Config changes are not reflected in running VMs
Cloud-init runs only once at first boot. After a helm upgrade that changes tokens, API address, or VM spec, existing VMs will not pick up the new config. Delete them so the pool recreates them:
$ kubectl delete vm -n runner-provisioner --all
New VMs created by the pool will use the updated cloud-init script.
KubeVirt operator pods are not scheduling
If virt-operator, virt-api, or virt-controller pods are stuck in Pending, see the KubeVirt Operator Scheduling section. The most common fix is removing the hard node affinity requirement and labeling nodes:
$ kubectl patch deployment virt-operator -n kubevirt --type=json \
-p='[{"op":"remove","path":"/spec/template/spec/affinity/nodeAffinity/requiredDuringSchedulingIgnoredDuringExecution"}]'
$ kubectl label nodes --all node-role.kubernetes.io/control-plane=
Limitations
Current architectural limits
-
Only one resource class is supported per provisioner deployment. Run multiple deployments for multiple resource classes.
-
VM OS must be Debian/Ubuntu or RHEL/CentOS based.
-
The provisioner requires KubeVirt’s
VirtualMachinePoolAPI (pool.kubevirt.io).
Preview-stage gaps
The following capabilities are not yet available and are planned before general availability:
-
Multi-resource-class support in a single deployment.
-
Metrics endpoint (Prometheus-compatible).
-
Windows guest OS support for runner VMs (the cloud-init startup script is Linux-only).

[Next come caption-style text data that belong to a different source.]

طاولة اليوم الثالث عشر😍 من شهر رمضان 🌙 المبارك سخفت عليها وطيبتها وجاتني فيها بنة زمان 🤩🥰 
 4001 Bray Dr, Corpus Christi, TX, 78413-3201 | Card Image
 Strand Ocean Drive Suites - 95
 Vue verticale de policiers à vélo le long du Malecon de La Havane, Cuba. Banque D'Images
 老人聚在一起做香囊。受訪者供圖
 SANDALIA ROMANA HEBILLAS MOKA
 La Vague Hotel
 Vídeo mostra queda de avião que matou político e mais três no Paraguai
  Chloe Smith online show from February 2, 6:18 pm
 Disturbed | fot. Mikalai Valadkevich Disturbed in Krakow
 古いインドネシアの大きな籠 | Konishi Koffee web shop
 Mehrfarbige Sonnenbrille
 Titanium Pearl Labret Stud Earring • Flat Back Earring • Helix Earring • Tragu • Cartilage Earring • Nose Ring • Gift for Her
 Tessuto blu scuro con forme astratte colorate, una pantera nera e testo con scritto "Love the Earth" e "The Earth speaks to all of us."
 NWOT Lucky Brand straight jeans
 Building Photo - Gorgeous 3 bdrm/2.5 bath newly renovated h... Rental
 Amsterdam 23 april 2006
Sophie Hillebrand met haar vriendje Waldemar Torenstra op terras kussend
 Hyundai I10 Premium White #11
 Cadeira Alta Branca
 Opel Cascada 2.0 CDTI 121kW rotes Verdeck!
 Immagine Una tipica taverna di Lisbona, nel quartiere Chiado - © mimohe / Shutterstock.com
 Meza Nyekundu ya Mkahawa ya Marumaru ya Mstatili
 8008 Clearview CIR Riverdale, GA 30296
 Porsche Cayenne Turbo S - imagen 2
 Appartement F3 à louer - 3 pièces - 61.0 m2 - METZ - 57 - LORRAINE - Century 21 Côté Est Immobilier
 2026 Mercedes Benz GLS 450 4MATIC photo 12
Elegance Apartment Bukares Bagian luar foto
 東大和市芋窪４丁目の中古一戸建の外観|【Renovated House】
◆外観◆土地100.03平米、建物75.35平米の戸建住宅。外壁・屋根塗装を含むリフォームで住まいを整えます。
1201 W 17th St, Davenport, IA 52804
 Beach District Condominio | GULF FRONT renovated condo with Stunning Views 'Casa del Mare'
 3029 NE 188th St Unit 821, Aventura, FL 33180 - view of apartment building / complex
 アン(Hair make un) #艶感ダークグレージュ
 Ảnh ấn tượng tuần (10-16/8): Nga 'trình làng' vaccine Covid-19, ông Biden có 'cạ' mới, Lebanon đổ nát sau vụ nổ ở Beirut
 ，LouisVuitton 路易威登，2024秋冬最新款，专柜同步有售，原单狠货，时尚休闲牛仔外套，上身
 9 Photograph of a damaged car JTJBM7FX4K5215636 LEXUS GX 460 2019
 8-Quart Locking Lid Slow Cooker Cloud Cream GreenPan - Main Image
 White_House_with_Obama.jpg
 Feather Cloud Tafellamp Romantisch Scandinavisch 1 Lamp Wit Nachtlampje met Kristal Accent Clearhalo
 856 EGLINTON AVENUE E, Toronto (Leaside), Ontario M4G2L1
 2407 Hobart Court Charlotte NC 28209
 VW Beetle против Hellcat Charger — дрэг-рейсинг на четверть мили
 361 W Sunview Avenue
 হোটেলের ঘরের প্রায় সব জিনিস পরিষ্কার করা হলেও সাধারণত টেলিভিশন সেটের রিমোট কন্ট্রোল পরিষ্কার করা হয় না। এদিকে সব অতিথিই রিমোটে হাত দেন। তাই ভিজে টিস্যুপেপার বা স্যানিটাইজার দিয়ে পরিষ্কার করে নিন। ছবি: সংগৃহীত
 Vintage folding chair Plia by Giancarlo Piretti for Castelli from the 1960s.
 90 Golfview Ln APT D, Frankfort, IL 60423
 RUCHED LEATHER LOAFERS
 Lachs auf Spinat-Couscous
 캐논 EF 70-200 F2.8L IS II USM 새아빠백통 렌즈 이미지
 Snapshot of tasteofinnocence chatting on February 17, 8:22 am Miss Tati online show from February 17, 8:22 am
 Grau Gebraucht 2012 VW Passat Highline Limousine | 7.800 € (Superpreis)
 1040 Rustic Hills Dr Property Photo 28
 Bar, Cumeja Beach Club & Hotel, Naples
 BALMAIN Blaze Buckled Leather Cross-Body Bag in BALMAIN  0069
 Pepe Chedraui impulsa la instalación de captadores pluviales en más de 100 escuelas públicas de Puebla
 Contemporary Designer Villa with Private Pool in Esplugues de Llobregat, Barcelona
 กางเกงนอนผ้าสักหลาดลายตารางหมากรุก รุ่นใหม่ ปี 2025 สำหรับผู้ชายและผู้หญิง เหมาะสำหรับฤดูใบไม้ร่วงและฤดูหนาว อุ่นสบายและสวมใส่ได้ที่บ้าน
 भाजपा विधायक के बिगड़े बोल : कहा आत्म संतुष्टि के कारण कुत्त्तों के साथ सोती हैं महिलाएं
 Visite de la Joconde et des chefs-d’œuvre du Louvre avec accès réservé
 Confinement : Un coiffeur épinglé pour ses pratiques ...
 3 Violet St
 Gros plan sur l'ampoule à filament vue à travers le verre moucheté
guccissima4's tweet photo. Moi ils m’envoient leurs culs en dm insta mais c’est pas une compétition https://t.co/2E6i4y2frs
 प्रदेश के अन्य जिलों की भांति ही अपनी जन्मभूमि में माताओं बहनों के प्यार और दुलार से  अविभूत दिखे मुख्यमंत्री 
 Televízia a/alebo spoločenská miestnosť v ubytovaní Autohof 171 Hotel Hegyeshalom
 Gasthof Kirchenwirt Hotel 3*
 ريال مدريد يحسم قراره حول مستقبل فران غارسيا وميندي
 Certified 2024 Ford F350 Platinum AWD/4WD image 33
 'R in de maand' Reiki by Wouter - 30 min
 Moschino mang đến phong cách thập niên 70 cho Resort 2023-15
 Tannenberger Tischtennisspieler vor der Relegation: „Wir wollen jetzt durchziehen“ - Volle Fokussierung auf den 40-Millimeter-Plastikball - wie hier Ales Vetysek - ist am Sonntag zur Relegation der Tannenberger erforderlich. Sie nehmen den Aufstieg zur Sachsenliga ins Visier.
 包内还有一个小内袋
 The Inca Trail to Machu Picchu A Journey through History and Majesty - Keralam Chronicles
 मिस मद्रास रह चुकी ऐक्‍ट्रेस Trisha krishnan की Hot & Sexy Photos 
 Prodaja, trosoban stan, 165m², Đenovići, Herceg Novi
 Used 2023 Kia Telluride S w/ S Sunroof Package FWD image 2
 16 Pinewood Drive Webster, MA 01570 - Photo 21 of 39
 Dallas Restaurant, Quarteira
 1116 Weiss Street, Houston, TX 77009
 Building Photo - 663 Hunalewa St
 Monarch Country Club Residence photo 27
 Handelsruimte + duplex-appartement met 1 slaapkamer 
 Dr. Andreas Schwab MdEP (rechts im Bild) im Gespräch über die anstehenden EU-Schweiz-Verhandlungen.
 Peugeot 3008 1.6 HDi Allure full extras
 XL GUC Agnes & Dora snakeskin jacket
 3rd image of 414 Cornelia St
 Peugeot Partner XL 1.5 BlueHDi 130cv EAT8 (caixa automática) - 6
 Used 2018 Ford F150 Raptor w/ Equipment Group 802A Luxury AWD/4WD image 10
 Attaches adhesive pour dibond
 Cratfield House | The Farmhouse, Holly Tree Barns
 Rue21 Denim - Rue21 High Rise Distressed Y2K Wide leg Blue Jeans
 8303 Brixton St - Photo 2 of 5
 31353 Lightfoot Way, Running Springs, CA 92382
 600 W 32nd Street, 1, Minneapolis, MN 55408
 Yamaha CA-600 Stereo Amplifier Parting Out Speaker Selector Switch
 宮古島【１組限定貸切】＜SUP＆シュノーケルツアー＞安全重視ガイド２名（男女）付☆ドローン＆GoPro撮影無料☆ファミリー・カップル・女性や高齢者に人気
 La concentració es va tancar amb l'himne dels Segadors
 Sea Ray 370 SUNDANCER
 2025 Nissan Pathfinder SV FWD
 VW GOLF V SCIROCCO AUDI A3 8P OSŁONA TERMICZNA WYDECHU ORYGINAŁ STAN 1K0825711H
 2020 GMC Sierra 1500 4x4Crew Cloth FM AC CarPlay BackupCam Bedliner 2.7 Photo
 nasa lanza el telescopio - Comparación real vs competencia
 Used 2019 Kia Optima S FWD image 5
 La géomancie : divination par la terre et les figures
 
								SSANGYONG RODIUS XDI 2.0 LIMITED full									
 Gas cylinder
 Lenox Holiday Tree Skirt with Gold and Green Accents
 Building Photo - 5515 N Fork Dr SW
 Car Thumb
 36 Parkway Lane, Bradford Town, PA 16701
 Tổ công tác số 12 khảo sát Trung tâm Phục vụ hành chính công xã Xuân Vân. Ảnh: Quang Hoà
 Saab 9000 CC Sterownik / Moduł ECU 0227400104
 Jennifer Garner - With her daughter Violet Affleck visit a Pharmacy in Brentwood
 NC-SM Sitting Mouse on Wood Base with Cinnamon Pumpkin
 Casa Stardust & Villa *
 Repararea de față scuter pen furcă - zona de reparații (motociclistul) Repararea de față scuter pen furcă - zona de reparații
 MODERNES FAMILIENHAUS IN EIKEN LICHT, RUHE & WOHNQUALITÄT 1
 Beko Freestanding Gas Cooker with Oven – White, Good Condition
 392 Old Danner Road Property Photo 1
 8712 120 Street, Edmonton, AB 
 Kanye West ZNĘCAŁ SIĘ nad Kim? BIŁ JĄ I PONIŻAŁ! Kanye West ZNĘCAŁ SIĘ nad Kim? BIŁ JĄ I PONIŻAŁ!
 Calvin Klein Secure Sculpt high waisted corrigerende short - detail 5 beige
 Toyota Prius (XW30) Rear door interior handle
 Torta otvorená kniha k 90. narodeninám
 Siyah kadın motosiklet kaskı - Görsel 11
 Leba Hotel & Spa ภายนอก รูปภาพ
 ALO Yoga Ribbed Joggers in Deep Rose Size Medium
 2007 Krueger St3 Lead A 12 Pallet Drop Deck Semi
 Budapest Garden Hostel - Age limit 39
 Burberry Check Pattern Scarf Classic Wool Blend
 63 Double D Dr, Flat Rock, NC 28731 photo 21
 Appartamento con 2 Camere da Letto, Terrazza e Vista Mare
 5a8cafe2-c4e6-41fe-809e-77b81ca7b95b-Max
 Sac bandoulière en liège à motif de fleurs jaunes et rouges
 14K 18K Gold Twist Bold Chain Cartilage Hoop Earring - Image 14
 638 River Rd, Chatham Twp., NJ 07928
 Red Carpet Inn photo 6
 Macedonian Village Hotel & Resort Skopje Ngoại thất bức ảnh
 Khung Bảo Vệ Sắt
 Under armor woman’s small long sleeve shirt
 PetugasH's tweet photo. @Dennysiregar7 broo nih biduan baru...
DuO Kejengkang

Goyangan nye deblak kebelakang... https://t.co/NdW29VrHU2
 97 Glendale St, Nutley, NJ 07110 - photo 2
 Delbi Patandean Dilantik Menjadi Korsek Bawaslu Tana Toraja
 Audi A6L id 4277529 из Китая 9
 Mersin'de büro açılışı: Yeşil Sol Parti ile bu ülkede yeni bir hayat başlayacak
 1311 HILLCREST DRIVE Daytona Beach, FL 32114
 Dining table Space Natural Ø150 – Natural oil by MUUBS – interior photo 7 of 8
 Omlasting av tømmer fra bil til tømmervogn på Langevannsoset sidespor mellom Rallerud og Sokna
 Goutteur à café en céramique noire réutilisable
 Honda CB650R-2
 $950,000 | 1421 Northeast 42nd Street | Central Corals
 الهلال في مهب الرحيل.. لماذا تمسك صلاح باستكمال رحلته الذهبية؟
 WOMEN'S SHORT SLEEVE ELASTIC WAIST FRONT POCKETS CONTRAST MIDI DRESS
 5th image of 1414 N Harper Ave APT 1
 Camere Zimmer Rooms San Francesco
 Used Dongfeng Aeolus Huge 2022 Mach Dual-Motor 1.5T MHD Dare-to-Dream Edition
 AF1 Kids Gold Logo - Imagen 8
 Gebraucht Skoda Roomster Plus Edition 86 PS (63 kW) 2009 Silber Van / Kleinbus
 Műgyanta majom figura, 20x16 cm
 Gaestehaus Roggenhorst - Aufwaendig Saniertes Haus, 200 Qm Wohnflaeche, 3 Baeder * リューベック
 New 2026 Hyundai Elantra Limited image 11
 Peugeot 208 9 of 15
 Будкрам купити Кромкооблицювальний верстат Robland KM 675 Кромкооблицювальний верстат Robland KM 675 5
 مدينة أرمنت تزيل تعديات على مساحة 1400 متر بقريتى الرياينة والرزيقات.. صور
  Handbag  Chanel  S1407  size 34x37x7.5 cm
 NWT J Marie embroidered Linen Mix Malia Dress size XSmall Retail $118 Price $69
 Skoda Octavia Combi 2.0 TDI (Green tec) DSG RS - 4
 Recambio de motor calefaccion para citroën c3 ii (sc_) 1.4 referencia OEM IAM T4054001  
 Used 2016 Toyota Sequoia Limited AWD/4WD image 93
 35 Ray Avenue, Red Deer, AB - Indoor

If any of these are blocking your use case, post in the #runner-provisioner-preview Slack channel.
VM startup latency
When a new VM needs to be provisioned from scratch, expect two to five minutes before a runner is ready to claim a job. This includes scheduling the VM, booting the OS, and running the cloud-init script that downloads and installs the runner agent.
The primary mitigation is minReplicas. Pre-warmed VMs have already completed startup and can claim jobs in seconds. Startup latency only affects jobs that arrive when demand exceeds the pre-warmed pool.
Two factors can push latency toward the higher end or cause provisioning to fail silently:
-
Package downloads: The cloud-init script installs
circleci-runnerfrom packagecloud.io at boot time. Slow or unavailable package repositories will delay or prevent the runner from starting. Baking the runner binary into a custom disk image removes this dependency. -
Cold image pulls: The first time a VM is scheduled on a node, KubeVirt must pull the full container disk image. Subsequent VMs on the same node use the cached image and are significantly faster.